His statements are true. If you do further research...it's dead on.

Link to this particular discussion about the point:

_http://www.diychatroom.com/showthread.php?t=5931_


----------



## Lightyear (Apr 19, 2007)

Thanks again for all of your helpful replies. I really appreciate all the time you are taking to help me.
The water is still coming in. But it should stop soon. I hear the days will start to get warm and sunny tomorrow.


----------



## Clutchcargo (Mar 31, 2007)

Lightyear, are you in Southern NH, by chance?


----------



## slickshift (Aug 25, 2005)

Lightyear said:


> My wife wants to save some of the basement items. Can we save them if we clean them up? Or are they forever ruined?

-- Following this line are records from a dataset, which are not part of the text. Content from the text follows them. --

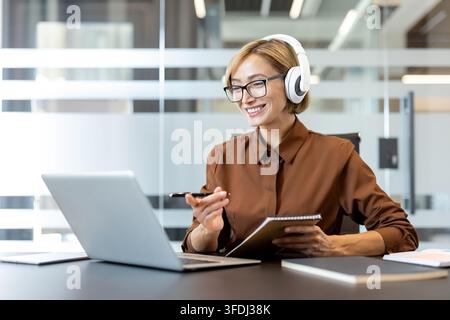 Geschäftsfrau mit Kopfhörern und Brille, die aktiv an einem Online-Meeting teilnimmt, Notizen macht, während sie lächelt und auf ihren Laptop-Bildschirm schaut, in einer modernen Büroumgebung Stockfoto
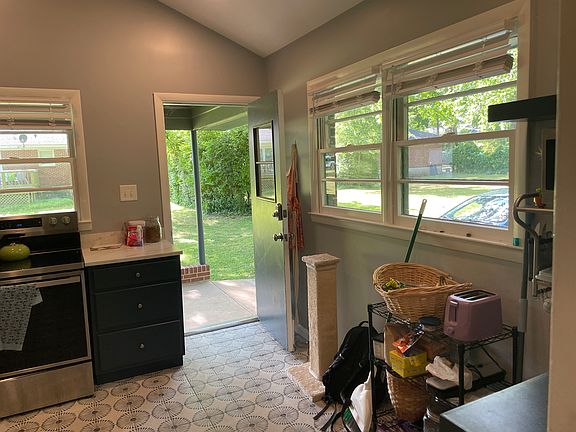 Convenient entry from the carport into the light-filled kitchen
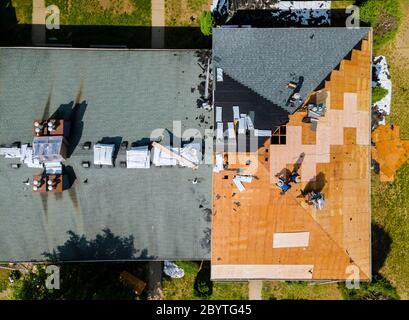 Vue aérienne du réparateur de construction de toit sur un appartement résidentiel avec nouveau bardeau de toit en cours d'application Banque D'Images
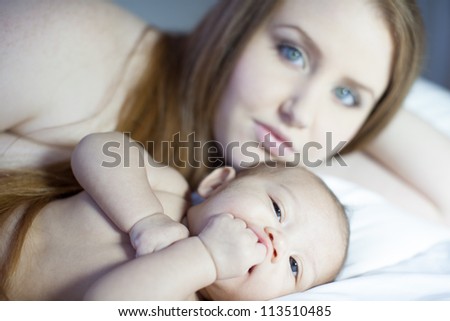 Cute Baby looking at camera with Mom in background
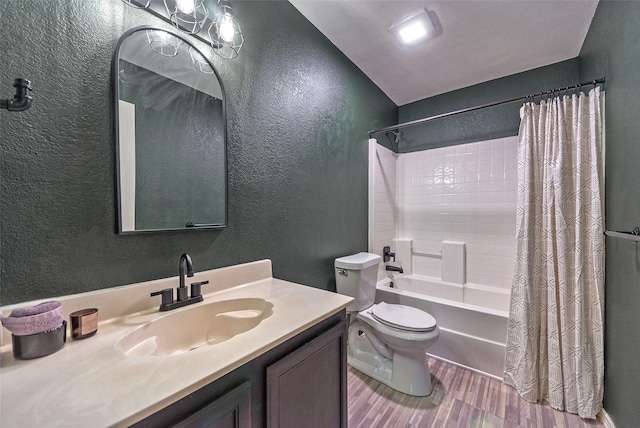 full bathroom featuring a textured wall, toilet, wood finished floors, shower / bath combo with shower curtain, and vanity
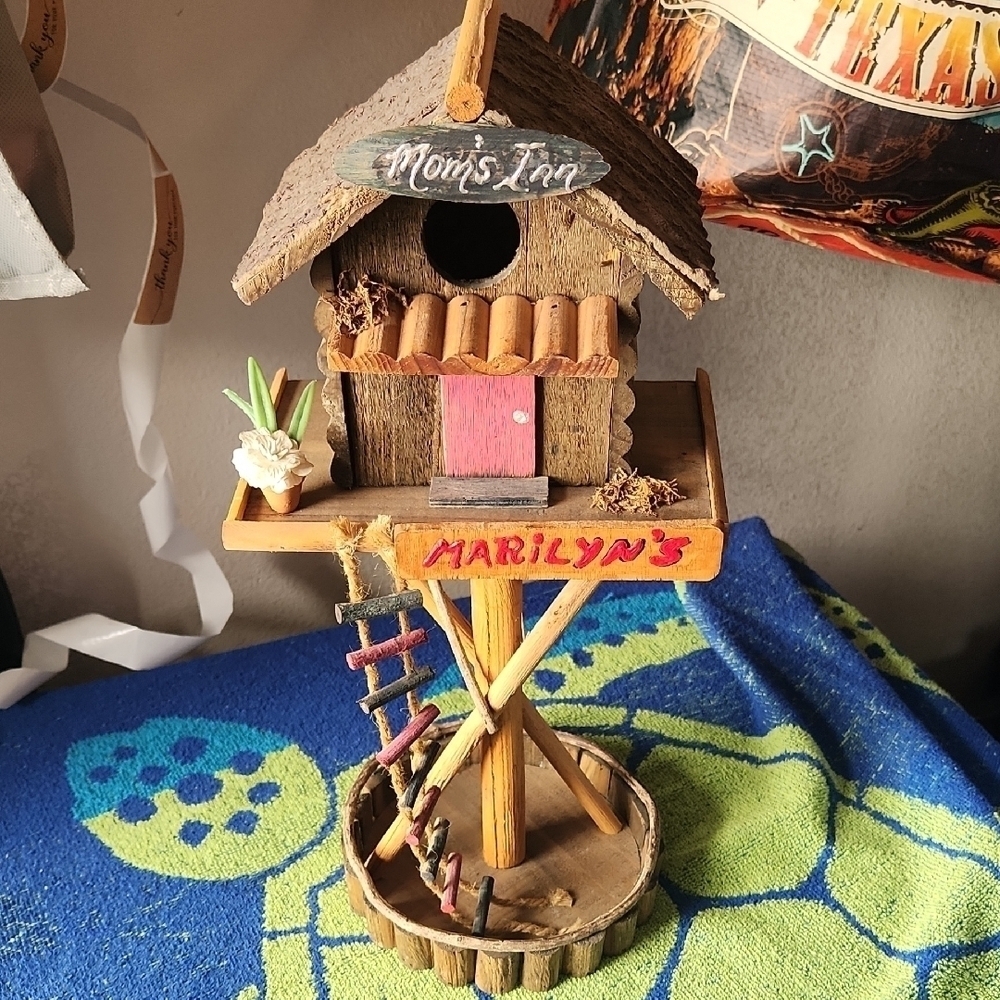 Rustic Wooden Birdhouse with Red Accents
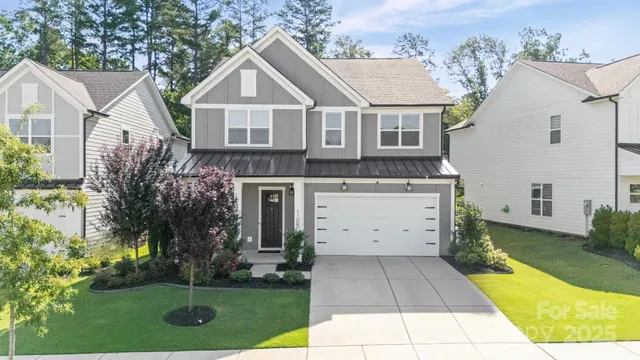a view of a white house with a yard plants and large tree
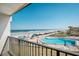 Balcony view of community pool and beach with lounge chairs, umbrellas, and the ocean beyond at 701 S Atlantic Ave # 11, New Smyrna Beach, FL 32169
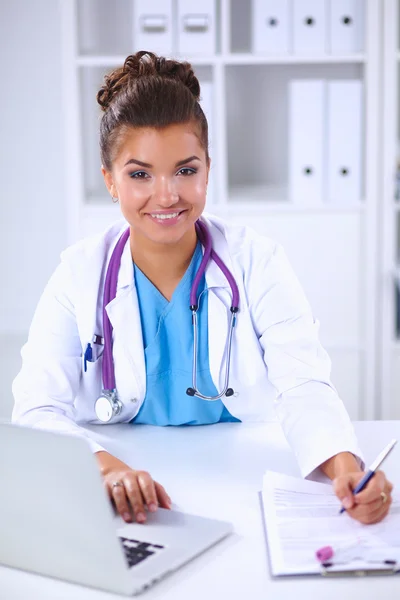 Vrouwelijke arts zit op het bureau en werkt een laptop in het ziekenhuis — Stockfoto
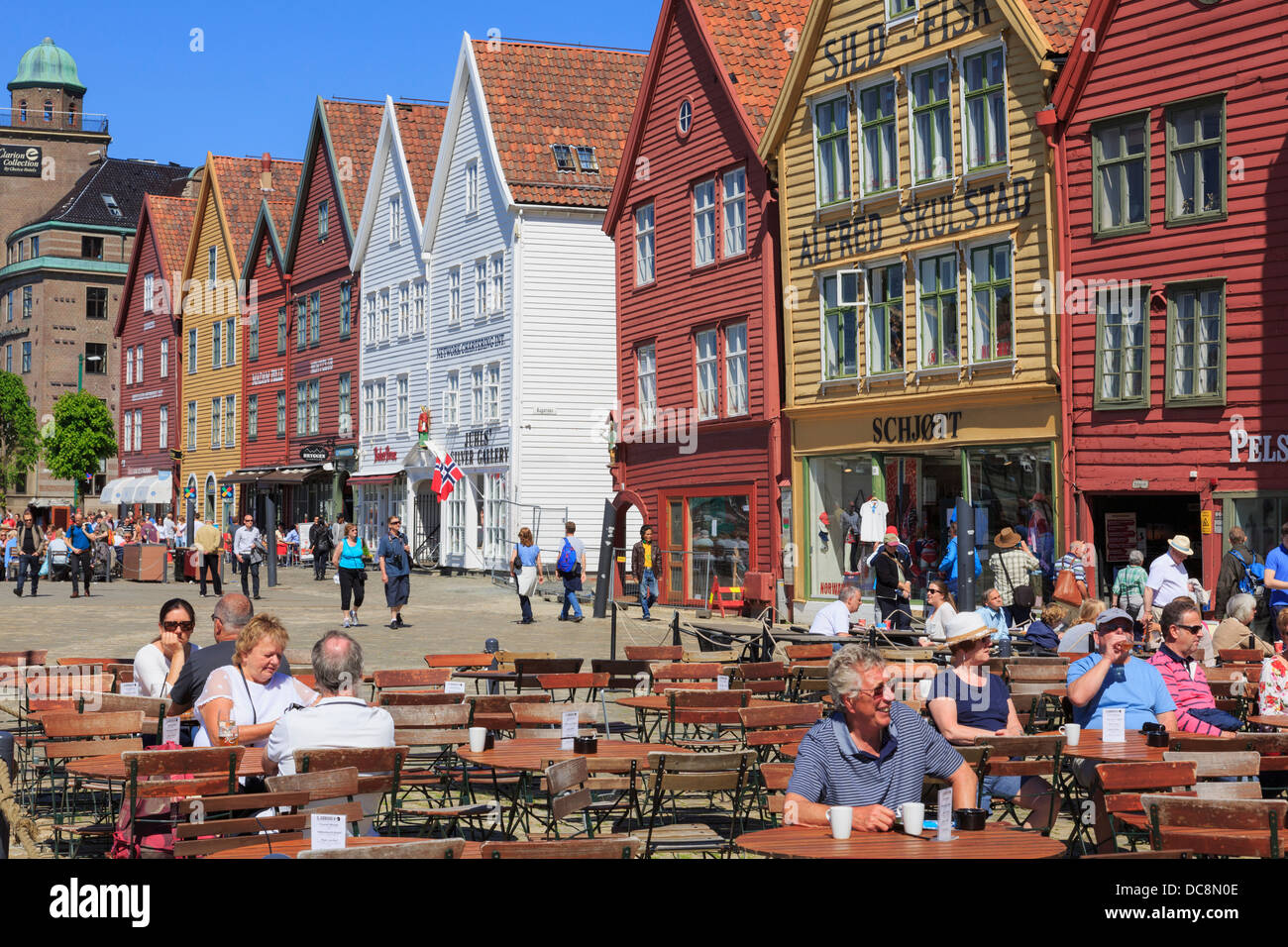 Persone per mangiare fuori in outdoor cafe' sul marciapiede sul lungomare di Bergen storica di edifici in legno in estate. Bryggen a Bergen in Norvegia Scandinavia Foto Stock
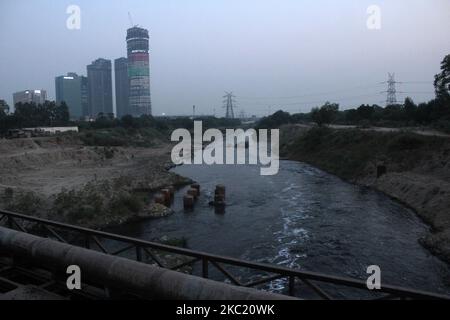 Vue sur un chantier en cours de construction par un jour trouble, la qualité de l'air se détériore et de la mousse toxique flotte sur la surface de la rivière Yamuna, dans la région de Kalindi Kunj, à 16 octobre 2020, à New Delhi, en Inde. La capitale nationale est témoin d'un pic de la pollution atmosphérique presque chaque année en hiver en raison de diverses conditions, notamment l'activité de construction et la combustion des chaumes dans les États voisins. (Photo de Mayank Makhija/NurPhoto) Banque D'Images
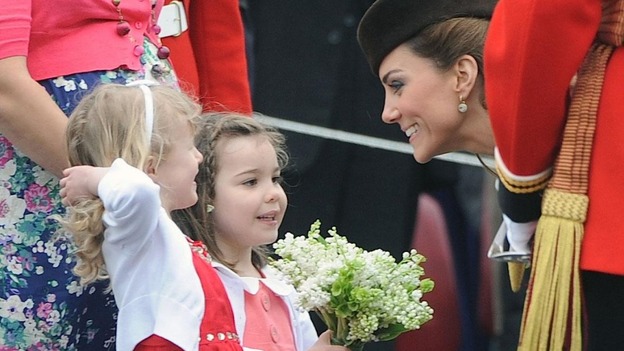 The Duchess of Cambridge talks is presented with a posy by Isabella Stevenson.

Again, unfortunately I have to say that will depend
Some may be saved, some may be ruined

Please also keep in mind moldbuster is an internet salesman of products for mold problems, and that should be taken into consideration when reviewing any advice from that member


----------



## AtlanticWBConst. (May 12, 2006)

slickshift said:


> Please also keep in mind moldbuster is an internet salesman of products for mold problems, and that should be taken into consideration when reviewing any advice from that member


Thanks Slick,

I realize that. That's why i did my own research about all of it.

We service about one dozen luxury apartment complexes with a total of 300+ units each. That service also includes regular calls for water damage due to roof leaks, water heater leaks, plumbing leaks (this year alone, we have had to do gut and re-do about 30 units). Because we sometimes have to do our own moisture testing and other checks, I wanted to make sure that we were following all proper procedures (including the times that we work along with certified mold remediation companies).
That is why I did my own research about the bleach and water concept. I also did my research on the so called - sold off the shelf - 'mold sprays'.
Regarding the common mold sprays that are sold everywhere, I found, true to fact, when you turn the labels over and read the fine print, they do say that they *do not* work on pourous surfaces. 
They also state that they get rid of stains, BUT, do not state anywhere that they actually 'kill' mold or mold spores. 

For years, I was under the assumption that bleach and water and these sprays work. The fact of the matter is that you do need a Fungucide to KILL mold and mold spores.
Thus, we always use an actual 'fungicide'. 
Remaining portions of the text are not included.